_AIM OF THE TASK_:
Apart from the pictures, return every line of the listing exactly.
====== DATA
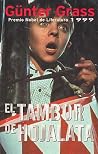 El Tambor De Hoja...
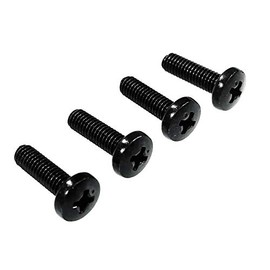 ReplacementScrews Item #198444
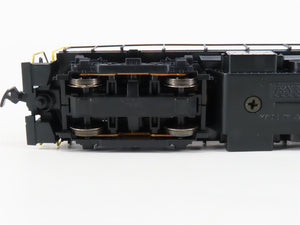 HO Scale Atlas 8105 PRR Pennsylvania RS1 Diesel Locomotive #5906 Customized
============
_TASK RESULT_:
 El Tambor De Hoja...
 ReplacementScrews Item #198444
 HO Scale Atlas 8105 PRR Pennsylvania RS1 Diesel Locomotive #5906 Customized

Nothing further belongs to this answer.